Assignment:
Which lines of the records contain "from"? Collect every one of them.
╭──
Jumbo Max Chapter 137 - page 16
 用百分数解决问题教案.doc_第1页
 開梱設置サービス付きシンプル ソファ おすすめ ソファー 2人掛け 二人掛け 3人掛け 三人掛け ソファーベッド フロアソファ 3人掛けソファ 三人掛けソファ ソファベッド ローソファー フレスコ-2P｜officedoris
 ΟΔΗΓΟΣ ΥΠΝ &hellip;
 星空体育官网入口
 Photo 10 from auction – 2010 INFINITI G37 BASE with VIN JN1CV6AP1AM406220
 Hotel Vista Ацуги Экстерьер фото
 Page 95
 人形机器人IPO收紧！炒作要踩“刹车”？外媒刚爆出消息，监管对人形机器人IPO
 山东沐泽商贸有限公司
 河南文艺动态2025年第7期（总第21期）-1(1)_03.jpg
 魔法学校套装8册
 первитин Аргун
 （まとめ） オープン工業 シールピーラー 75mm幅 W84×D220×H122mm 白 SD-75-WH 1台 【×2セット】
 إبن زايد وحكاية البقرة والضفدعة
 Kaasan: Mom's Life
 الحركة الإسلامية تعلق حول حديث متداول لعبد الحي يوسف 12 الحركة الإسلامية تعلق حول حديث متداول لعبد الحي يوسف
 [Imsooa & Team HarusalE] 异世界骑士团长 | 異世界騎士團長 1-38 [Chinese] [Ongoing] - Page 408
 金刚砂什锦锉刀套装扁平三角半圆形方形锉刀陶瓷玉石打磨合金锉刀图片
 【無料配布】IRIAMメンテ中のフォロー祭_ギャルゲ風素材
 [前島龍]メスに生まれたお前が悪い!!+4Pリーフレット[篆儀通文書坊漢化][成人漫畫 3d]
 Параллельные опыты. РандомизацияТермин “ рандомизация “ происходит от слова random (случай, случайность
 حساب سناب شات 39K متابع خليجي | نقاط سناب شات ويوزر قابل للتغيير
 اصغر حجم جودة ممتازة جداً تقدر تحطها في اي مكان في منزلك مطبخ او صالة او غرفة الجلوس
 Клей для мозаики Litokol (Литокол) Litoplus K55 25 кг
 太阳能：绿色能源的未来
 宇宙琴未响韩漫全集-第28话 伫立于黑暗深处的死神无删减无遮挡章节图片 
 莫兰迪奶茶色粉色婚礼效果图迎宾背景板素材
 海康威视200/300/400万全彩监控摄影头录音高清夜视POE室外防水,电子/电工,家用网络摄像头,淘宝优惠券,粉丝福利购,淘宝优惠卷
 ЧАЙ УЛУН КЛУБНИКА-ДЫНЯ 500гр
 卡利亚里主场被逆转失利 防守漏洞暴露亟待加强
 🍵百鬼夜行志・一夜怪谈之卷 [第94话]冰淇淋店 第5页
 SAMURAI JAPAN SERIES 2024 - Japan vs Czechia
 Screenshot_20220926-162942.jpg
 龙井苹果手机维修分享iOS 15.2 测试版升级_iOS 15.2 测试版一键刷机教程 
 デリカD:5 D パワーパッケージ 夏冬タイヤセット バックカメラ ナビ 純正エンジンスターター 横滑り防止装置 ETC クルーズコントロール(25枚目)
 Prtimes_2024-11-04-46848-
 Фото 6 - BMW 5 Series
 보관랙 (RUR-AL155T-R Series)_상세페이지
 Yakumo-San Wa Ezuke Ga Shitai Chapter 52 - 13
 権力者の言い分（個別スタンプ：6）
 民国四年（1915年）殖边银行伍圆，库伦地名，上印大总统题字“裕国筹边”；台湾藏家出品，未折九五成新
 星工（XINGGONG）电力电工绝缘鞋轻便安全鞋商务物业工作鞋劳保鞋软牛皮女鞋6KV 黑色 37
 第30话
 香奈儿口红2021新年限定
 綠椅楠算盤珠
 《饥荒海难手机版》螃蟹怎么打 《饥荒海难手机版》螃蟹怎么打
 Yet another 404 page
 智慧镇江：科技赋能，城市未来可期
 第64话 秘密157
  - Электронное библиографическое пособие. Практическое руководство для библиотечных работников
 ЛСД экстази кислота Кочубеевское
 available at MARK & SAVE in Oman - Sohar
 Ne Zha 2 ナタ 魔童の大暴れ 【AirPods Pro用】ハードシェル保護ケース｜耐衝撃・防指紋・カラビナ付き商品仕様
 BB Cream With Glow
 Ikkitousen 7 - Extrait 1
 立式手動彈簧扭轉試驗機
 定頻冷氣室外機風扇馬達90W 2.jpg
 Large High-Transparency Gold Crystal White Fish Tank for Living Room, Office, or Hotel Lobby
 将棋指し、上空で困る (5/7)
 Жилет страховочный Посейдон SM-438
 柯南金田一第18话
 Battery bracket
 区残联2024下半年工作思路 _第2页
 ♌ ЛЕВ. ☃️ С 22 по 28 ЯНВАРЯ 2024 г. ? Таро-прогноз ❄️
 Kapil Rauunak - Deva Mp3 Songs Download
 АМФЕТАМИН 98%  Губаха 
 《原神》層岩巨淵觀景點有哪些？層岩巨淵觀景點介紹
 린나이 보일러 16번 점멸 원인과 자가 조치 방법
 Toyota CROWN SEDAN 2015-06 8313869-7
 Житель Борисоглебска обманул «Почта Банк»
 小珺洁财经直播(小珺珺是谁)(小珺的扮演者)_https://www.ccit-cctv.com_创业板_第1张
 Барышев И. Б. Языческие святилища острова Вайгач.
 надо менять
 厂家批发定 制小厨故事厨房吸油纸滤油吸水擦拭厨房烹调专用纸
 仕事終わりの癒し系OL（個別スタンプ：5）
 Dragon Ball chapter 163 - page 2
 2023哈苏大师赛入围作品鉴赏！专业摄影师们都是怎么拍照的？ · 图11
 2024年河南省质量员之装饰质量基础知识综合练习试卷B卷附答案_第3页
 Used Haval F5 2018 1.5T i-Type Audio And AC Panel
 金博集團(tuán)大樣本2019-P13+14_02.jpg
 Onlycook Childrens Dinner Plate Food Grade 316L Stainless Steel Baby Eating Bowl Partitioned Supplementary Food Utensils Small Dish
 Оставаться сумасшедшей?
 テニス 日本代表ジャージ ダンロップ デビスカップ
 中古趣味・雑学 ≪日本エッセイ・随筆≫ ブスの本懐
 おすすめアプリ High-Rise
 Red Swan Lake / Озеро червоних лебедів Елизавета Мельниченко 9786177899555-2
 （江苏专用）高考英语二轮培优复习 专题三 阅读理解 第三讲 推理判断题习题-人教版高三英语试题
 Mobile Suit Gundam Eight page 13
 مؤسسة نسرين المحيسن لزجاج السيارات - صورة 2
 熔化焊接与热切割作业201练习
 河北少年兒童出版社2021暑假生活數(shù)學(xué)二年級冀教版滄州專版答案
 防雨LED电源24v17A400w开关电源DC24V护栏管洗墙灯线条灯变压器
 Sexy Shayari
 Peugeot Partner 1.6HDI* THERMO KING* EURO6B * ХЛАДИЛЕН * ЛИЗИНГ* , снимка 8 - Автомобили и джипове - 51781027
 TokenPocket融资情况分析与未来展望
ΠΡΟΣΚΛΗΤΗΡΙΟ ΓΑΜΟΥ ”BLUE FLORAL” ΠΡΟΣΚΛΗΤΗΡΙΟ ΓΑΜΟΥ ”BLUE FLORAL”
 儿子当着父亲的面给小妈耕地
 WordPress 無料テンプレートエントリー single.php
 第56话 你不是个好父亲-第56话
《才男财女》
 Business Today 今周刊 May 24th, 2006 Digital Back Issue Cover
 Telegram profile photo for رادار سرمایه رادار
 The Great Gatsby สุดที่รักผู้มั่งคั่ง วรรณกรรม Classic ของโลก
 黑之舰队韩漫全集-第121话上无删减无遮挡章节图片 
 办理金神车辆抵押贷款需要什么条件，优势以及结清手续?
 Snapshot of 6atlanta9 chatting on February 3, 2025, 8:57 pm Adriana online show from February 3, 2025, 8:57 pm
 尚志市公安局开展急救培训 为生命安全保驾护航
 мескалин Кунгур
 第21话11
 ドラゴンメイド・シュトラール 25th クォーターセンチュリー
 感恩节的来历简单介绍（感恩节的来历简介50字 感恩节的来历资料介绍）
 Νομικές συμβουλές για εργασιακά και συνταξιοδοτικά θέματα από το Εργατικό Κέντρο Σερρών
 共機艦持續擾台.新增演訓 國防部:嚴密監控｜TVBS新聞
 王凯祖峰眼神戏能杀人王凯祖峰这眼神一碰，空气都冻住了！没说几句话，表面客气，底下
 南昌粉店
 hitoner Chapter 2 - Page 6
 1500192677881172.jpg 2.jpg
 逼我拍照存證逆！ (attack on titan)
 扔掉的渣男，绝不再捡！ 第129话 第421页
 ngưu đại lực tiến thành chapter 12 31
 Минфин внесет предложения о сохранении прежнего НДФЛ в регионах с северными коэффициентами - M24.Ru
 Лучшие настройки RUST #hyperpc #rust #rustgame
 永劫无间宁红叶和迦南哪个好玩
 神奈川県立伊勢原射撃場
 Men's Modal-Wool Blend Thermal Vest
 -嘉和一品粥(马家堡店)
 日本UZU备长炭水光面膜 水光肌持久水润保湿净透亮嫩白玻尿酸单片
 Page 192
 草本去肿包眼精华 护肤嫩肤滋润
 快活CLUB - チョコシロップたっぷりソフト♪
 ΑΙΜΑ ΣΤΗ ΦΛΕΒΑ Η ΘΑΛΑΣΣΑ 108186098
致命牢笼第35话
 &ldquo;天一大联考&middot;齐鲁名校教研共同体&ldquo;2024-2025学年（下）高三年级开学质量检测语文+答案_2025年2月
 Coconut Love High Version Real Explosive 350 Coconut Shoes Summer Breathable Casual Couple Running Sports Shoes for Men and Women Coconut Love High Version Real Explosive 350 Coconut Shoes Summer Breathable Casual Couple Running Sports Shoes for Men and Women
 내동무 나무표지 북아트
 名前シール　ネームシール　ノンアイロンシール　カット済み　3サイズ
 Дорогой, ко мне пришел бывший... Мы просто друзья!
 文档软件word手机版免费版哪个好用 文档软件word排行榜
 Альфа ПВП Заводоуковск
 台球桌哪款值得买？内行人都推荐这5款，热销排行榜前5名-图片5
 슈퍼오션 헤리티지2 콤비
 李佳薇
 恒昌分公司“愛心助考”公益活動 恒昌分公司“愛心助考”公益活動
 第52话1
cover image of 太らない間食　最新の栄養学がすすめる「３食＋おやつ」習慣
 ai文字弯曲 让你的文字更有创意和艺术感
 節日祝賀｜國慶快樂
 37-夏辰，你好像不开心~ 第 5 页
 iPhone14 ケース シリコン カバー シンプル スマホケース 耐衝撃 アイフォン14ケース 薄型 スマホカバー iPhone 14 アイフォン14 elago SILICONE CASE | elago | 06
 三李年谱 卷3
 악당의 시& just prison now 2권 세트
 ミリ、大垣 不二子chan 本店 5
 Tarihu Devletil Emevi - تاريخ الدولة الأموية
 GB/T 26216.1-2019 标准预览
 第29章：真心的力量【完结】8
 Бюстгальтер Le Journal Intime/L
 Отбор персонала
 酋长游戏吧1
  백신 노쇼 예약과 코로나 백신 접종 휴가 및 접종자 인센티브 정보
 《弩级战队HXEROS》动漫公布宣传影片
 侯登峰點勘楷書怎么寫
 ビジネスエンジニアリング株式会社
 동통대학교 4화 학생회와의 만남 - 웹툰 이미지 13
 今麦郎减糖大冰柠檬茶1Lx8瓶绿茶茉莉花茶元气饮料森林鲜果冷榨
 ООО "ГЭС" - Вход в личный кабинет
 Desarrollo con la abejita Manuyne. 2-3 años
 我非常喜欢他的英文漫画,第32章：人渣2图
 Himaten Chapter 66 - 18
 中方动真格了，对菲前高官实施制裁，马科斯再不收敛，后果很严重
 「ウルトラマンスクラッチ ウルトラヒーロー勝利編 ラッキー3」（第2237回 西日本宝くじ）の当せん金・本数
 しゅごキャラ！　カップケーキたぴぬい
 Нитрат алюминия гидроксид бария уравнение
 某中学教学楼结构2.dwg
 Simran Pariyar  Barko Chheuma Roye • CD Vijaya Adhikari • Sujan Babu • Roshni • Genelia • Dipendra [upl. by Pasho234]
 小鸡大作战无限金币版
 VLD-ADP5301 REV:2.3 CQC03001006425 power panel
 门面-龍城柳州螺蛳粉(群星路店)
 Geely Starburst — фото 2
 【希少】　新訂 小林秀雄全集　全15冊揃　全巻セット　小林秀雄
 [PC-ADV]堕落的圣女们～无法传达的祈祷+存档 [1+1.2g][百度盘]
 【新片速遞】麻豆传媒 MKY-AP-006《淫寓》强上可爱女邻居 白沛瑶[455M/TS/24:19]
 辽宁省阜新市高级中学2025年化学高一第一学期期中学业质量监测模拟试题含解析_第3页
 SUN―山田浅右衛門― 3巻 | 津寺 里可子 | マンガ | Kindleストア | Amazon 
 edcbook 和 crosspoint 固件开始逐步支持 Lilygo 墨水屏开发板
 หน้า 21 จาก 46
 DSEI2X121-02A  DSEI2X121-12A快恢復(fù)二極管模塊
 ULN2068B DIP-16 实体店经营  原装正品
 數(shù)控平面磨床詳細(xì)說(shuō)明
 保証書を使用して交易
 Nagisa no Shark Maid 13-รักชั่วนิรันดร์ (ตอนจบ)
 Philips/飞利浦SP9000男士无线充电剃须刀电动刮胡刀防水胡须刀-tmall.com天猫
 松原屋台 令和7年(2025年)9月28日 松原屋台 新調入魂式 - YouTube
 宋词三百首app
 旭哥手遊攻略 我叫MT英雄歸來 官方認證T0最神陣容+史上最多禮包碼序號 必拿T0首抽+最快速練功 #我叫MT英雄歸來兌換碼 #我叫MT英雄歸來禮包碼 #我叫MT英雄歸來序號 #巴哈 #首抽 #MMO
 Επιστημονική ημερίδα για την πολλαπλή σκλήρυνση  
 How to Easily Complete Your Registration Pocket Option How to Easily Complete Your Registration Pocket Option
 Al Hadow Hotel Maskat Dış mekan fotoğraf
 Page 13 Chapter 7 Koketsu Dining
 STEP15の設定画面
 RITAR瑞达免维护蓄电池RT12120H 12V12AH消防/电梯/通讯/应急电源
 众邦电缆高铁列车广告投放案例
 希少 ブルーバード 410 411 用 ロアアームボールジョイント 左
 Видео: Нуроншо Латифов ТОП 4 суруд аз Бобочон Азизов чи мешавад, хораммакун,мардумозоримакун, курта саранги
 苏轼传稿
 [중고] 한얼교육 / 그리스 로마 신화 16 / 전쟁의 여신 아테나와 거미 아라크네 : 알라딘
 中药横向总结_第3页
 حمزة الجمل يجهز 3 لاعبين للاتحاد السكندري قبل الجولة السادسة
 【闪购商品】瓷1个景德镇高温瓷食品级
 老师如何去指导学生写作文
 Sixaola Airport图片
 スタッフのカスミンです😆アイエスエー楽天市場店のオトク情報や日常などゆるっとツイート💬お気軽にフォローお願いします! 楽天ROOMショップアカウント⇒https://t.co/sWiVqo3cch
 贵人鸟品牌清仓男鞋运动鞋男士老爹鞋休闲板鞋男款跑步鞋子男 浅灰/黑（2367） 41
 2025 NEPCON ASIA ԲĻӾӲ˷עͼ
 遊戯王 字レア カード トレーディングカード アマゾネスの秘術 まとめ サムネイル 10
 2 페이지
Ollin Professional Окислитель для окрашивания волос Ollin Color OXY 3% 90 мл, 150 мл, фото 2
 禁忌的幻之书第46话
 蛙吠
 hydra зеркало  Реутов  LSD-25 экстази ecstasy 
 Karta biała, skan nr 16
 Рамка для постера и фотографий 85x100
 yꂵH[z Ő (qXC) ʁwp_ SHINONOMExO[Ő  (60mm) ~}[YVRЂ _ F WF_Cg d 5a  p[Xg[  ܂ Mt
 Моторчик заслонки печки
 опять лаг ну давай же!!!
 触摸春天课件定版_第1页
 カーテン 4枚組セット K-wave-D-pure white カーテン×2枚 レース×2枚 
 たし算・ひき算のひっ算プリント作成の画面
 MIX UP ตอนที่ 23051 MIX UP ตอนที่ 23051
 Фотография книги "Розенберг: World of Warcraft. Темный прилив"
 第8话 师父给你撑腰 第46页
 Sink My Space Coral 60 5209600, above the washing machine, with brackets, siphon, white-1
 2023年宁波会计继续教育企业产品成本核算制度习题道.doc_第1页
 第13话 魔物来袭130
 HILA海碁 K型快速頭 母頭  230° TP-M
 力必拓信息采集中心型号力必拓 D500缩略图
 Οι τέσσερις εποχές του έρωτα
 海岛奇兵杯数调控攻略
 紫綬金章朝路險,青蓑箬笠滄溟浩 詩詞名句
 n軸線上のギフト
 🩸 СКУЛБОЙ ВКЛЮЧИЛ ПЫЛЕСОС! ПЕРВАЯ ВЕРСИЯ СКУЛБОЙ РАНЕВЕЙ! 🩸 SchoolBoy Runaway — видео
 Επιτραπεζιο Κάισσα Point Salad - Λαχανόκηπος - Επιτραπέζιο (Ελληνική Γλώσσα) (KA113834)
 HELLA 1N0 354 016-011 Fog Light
╰──
Written response:
 Photo 10 from auction – 2010 INFINITI G37 BASE with VIN JN1CV6AP1AM406220
 Snapshot of 6atlanta9 chatting on February 3, 2025, 8:57 pm Adriana online show from February 3, 2025, 8:57 pm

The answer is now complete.